_WORK INSTRUCTION_
Exact copies of all the lines below are needed, without the pictures.

□ □ □

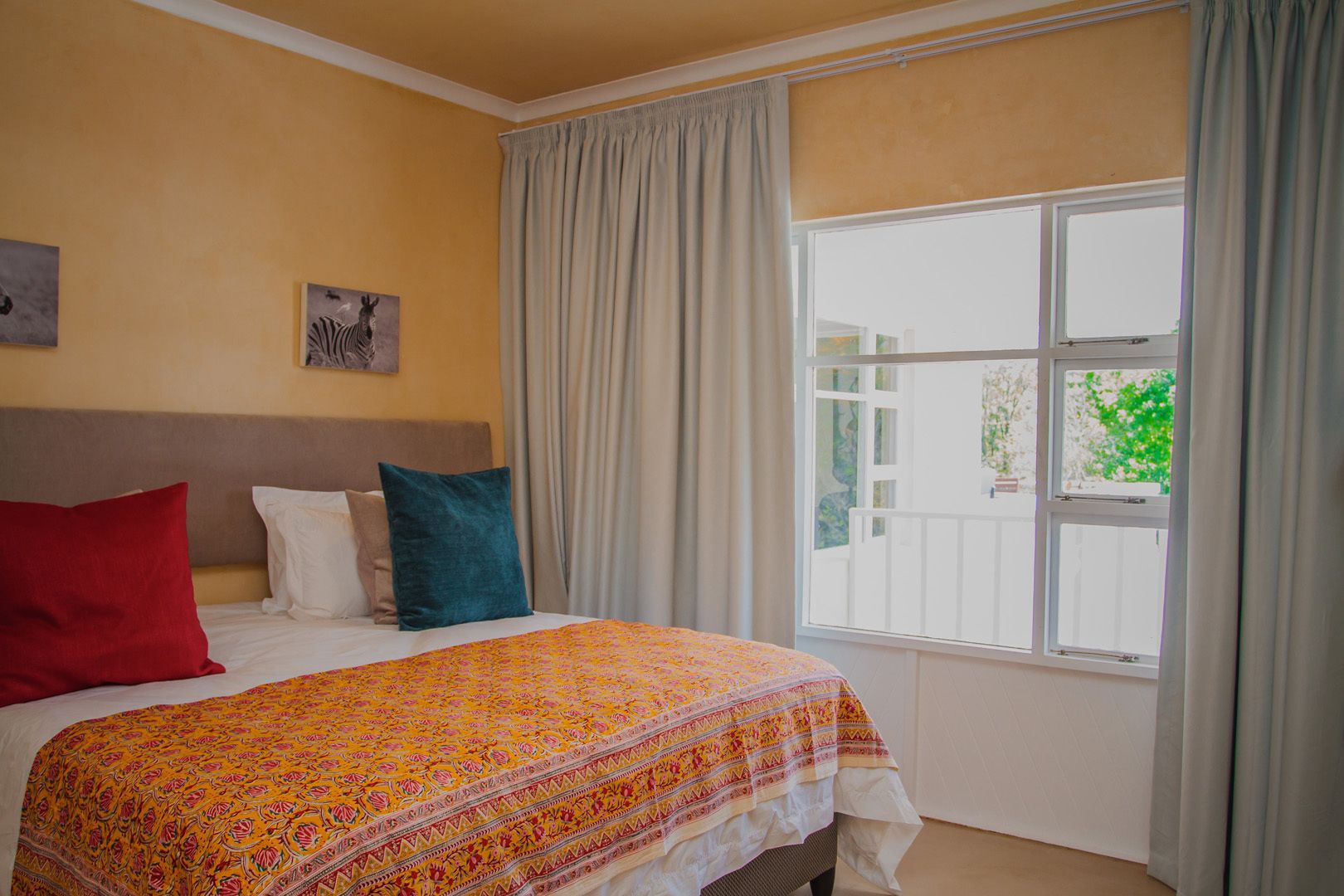 A bedroom with a bed, a headboard, and a window with curtains.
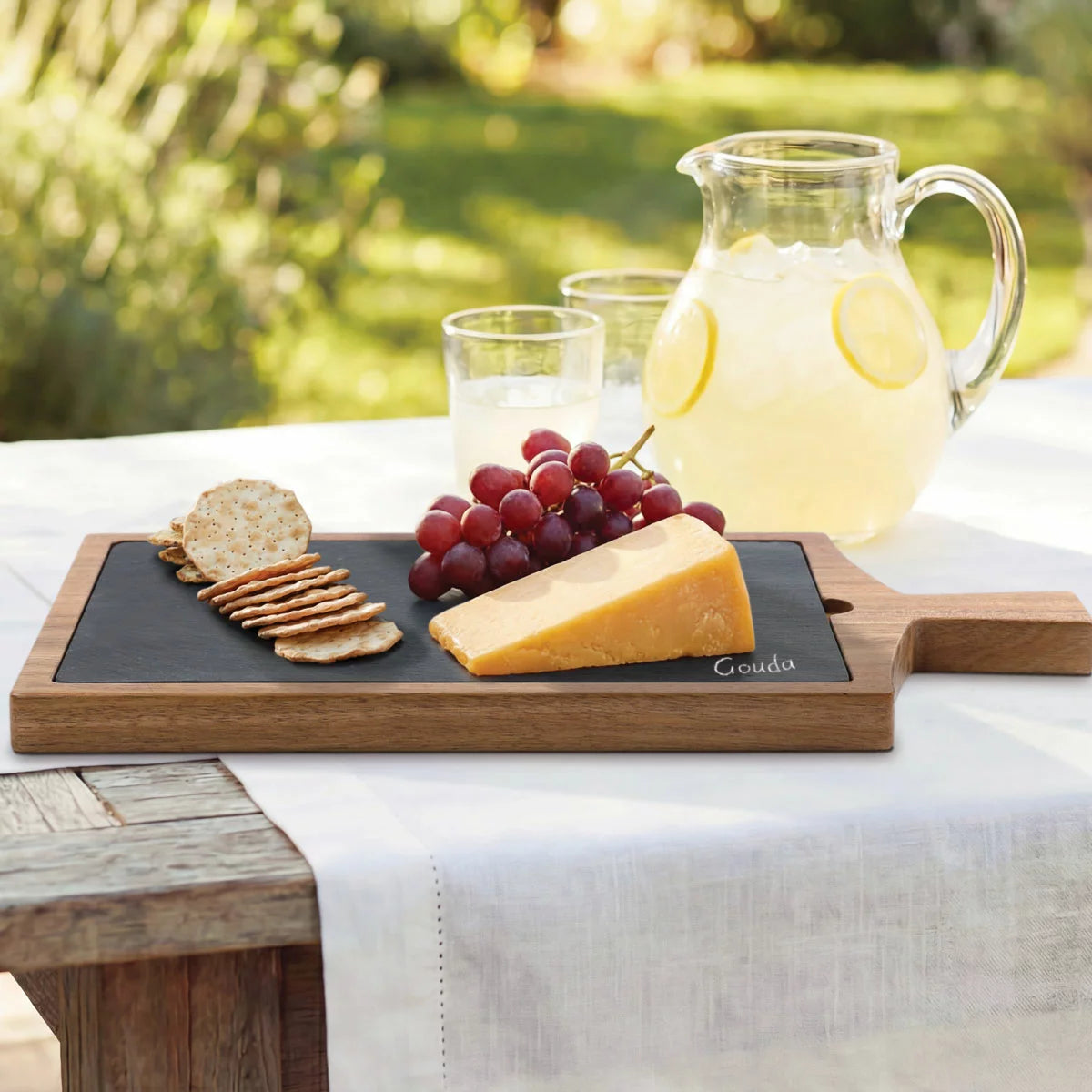 BirdRock Home Acacia hardwood serving board topped with a curated charcuterie selection.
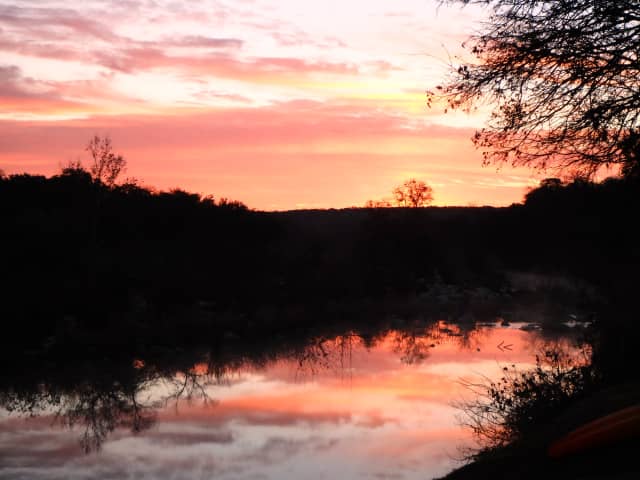 Sun 20, a sunrise and sunset photograph by Bob McNeil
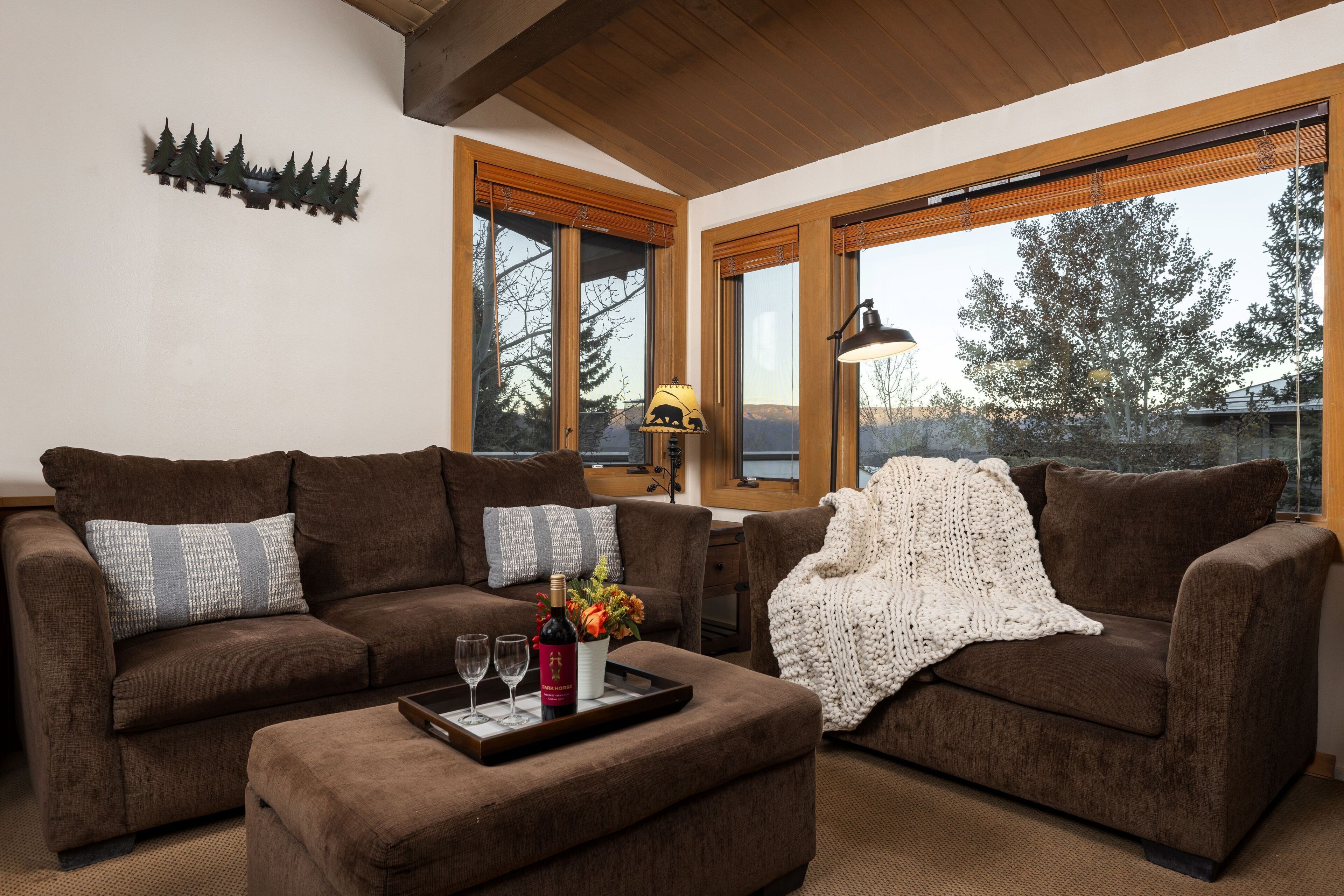 A cozy living room with two brown sofas, a coffee table with a bottle and glasses, and a large window with a view of trees.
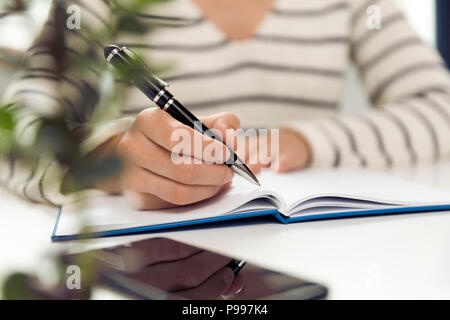 Azienda giovane donna seduta a tavola e la scrittura nel notebook. Sul tavolo è lo smartphone e tablet. Lavoro freelancer, scrivere nuove idee Foto Stock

□ □ □

_RESPONSE_
 A bedroom with a bed, a headboard, and a window with curtains.
 BirdRock Home Acacia hardwood serving board topped with a curated charcuterie selection.
 Sun 20, a sunrise and sunset photograph by Bob McNeil
 A cozy living room with two brown sofas, a coffee table with a bottle and glasses, and a large window with a view of trees.
 Azienda giovane donna seduta a tavola e la scrittura nel notebook. Sul tavolo è lo smartphone e tablet. Lavoro freelancer, scrivere nuove idee Foto Stock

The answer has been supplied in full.